Perfect a Parfait with Pomegranate Balsamic Coulis
Chef Joseph Settepani's Essence of Modena dish celebrates Italy's agriculture.
When I hear balsamic vinegar, I automatically think back to my roots in Italy and what we used to eat balsamic with and where it came from.
The first thing that comes to mind is our agriculture in Italy and what we used to grow and make. I think of figs and strawberry, my perfect combination, and then I wonder what can elevate this dish to make it even better but light. I think of ricotta with a touch of honey and citrus.
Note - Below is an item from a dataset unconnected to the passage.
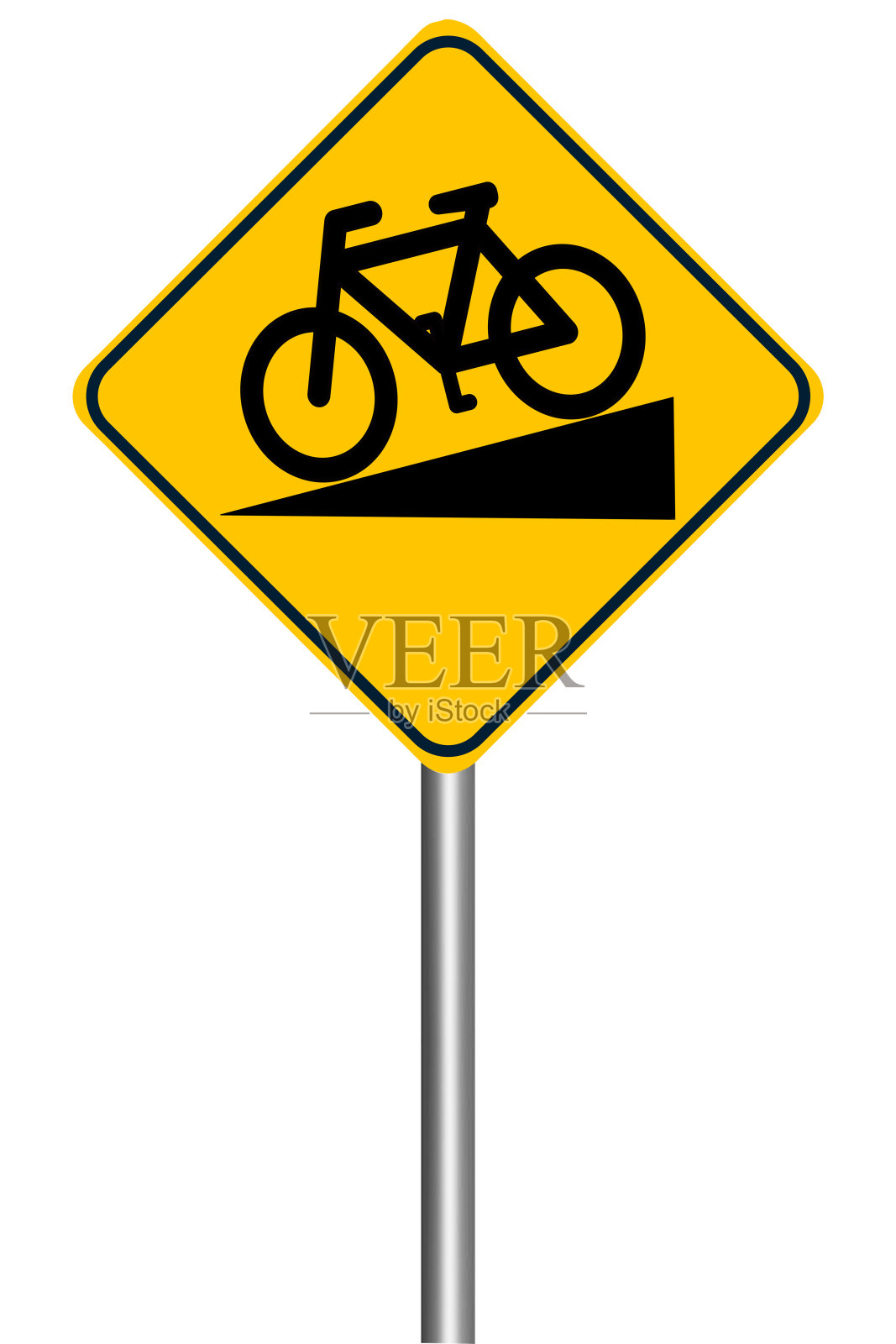 自行车下坡警告标志照片摄影图片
I came up with the Essence of Modena to show how the little things in our world, from our souls to our plants and animals, can create beautiful harmony. For me, it touches many aspects of Italy in one dish.
Ricotta Lime Parfait
- 2 large egg whites
- 1 pinch egg white powder
- 45 grams sugar
- 15 grams water
- Place sugar and water in a pot and bring to 250 F.
- While sugar is coming to temp, place egg whites and powder in mixing bowl (with whisk attachment) and bring to a soft peak.
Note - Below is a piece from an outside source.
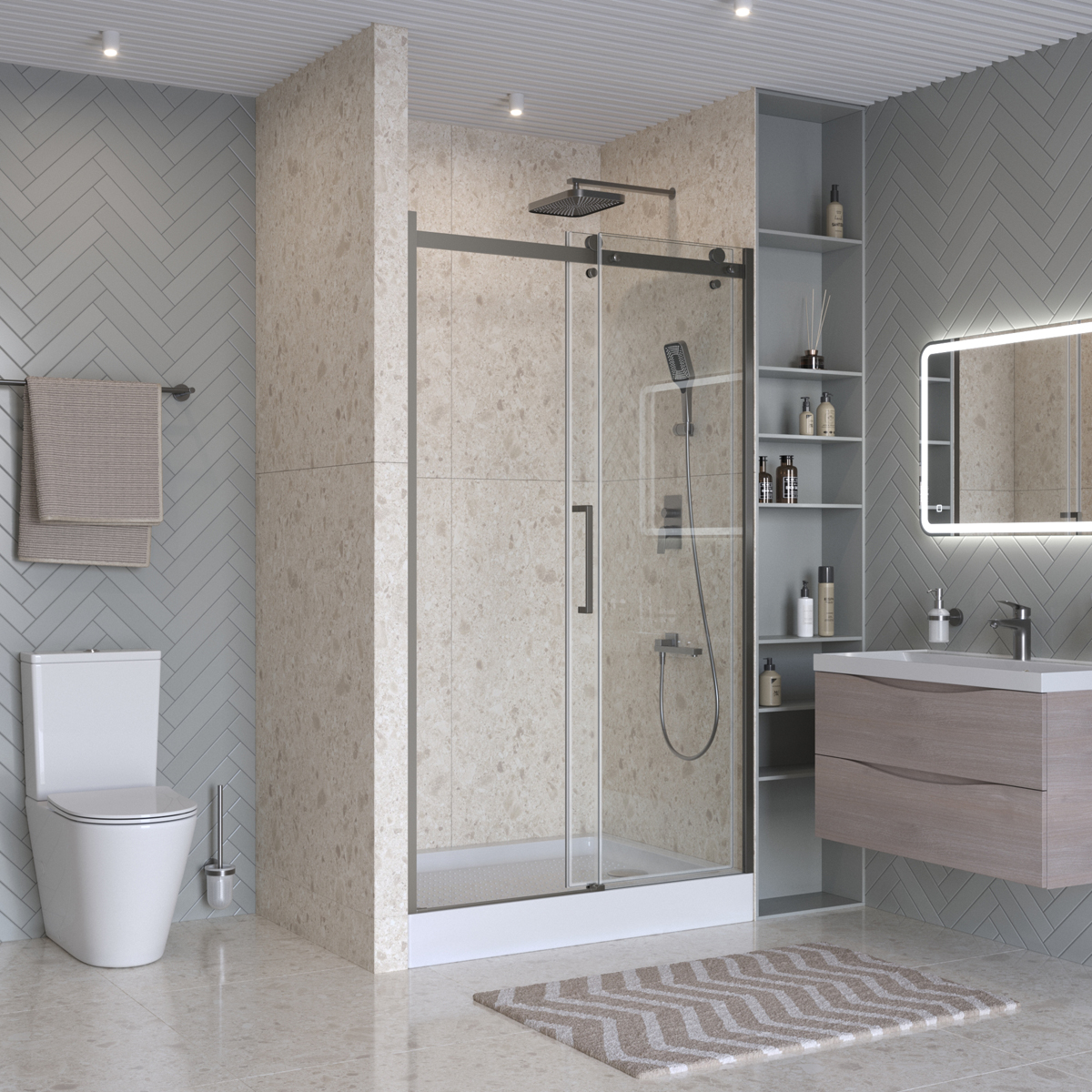 Душевая дверь шириной 131см BelBagno MARINO-2-BF-1-130-C-CR профиль хром, стекло прозрачное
- Once sugar comes to temp, slowly add sugar to the whipped egg whites and whip until medium hard peak.
- Set aside to use in next recipe.
- 200 grams whole milk
- 150 grams ricotta impastata
- 1 vanilla bean
- 135 grams granulated sugar
- 9 large yolks
- 30 grams inverted sugar
- 360 grams heavy cream (40%fat)
- 2 lime zest
- 3 gelatin sheets (silver)
- Over a double boiler place milk, zest, vanilla bean, yolks and inverted sugar. Bring this mixture to 181 F.
- After mixture comes to 181 F, add gelatin and ricotta then cool down.
- While mixture is chilled, whip heavy cream to soft peak and set aside in fridge until egg mix is cooled down.
- Once cooled down, fold egg mixture with 50 grams of meringue then fold in whip.
- 240 grams strawberry puree
- 10 grams Balsamic Vinegar of Modena
- 1.75 ounces granulated sugar
- 1/2 cap lemon juice
- 3 gelatin sheets (silver)
- 500 grams heavy cream (40% fat)
- Bring purée sugar and lemon juice to a simmer. Add balsamic and gelatin sheets and let cool.
- Whip cream to soft peak and fold in purée mixture. Store in container until use.
Pomegranate Balsamic Coulis
- 40 grams Balsamic Vinegar of Modena
- 50 grams water
- 30 grams pomegranate puree
- 0.35 grams xanthan gum
- 1 pinch course salt
- 1 pinch granulated sugar
- 15 grams olive oil
- In a quart container, mix together balsamic, water and purée.
- With an immersion blender, add salt, sugar and xanthan gum and then add oil. Store inside pipping bag.
- 55 grams butter
- 50 grams sugar
- 20 grams yolks
- 2 grams sea salt
- 3 grams baking soda
- 65 grams all-purpose flour
- 10 grams cocoa powder
- In a mixer bowl fitted with the paddle attachment, cream together butter and sugar. Slowly add egg yolk scrap down in between. Add the flour, salt, baking soda and cocoa powder mixing until combined. Chill until use.
- Roll out sheets and bake. Once baked, process in food processor until soil-like.
- Grill mission figs and then brush with organic honey. Cut in quarter slices.